On the steps of Downing Street, Theresa May vowed: “When it comes to taxes, we’ll prioritise not the wealthy, but you.”
But Theresa May forgets that she has been part of a key part of a government that has singularly failed to get to grips with tax avoidance.
In 2013, it was the Tory UK Government that stood in the way of EU efforts to increase transparency around offshore trusts. Facing the prospect of a central register of the owners of such trusts, our Prime Minister personally wrote to the highest-ranking official in the European Union to argue that trusts should not automatically be subject to the same transparency requirements as companies. ?The need to clamp down on tax injustice was heightened by the release of the Panama Paper documents in which 11.5 million files from the database of the world’s fourth biggest offshore firm, Mossack Fonseca, were leaked and published. The papers linked over 143 politicians from around the world to the offshore tax haven, and held a strong connection to the UK. Even the former Prime Minister’s father was named during the leak, having operated an offshore account for 30 years that avoided British tax.
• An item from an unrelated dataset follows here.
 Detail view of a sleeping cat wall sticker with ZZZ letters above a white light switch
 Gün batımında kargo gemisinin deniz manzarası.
May cannot distance herself from a government of which she was an integral part. And on tax, the Tories have guarded the cloth of the rich whilst insisting that the middle and low earners pay the price.
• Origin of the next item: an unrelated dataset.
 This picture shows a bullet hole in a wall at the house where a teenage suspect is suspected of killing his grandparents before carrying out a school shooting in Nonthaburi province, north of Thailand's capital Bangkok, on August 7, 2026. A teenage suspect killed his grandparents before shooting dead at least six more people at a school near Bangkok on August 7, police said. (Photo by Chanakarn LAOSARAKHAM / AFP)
And they have had plenty of opportunities. My SNP colleagues and I have continuously called on the UK Government to increase transparency and accountability. Following the Panama Papers, we called on the Tories to go further on new measures to crack down on tax evasion and aggressive tax avoidance - pointing out that illicit cross-border financial flows are estimated at more than £1 trillion dollars per year, a figure that amounts to ten times more than global foreign aid budgets combined. ?In our Alternative Queen’s Speech, we called for the Treasury to convene a commission into the simplification of the tax code, which would boost tax yield, encourage compliance, and avoid exploitative loopholes such as the abhorrent and unjustifiable Mayfair tax loophole.
Prime Minister May has much to do if she wants to make the tax system start working for the middle and low earners.
She could start with the Scottish Limited Partnership. Whilst it has many legitimate purposes, there is enough evidence implicating them in dodgy tax arrangements that gives me and many others cause for concern.
It’s time we did something about them.
At the very least, there should be a full review of the way in which Scottish Limited Partnerships operate. That review should take full account of the views of the Scottish Government, and of charities who have evidence to present. It should come forward with robust recommendations about how to limit the potential for tax impropriety.
The Finance Bill will enter its final consideration when the Westminster Parliament returns in September. An SNP amendment in my name will give Theresa May and her Government the opportunity to act on SLPs. I would warmly welcome their support. I fear that if they fail to give it; it will serve as yet another reminder of whose interests they are really working for.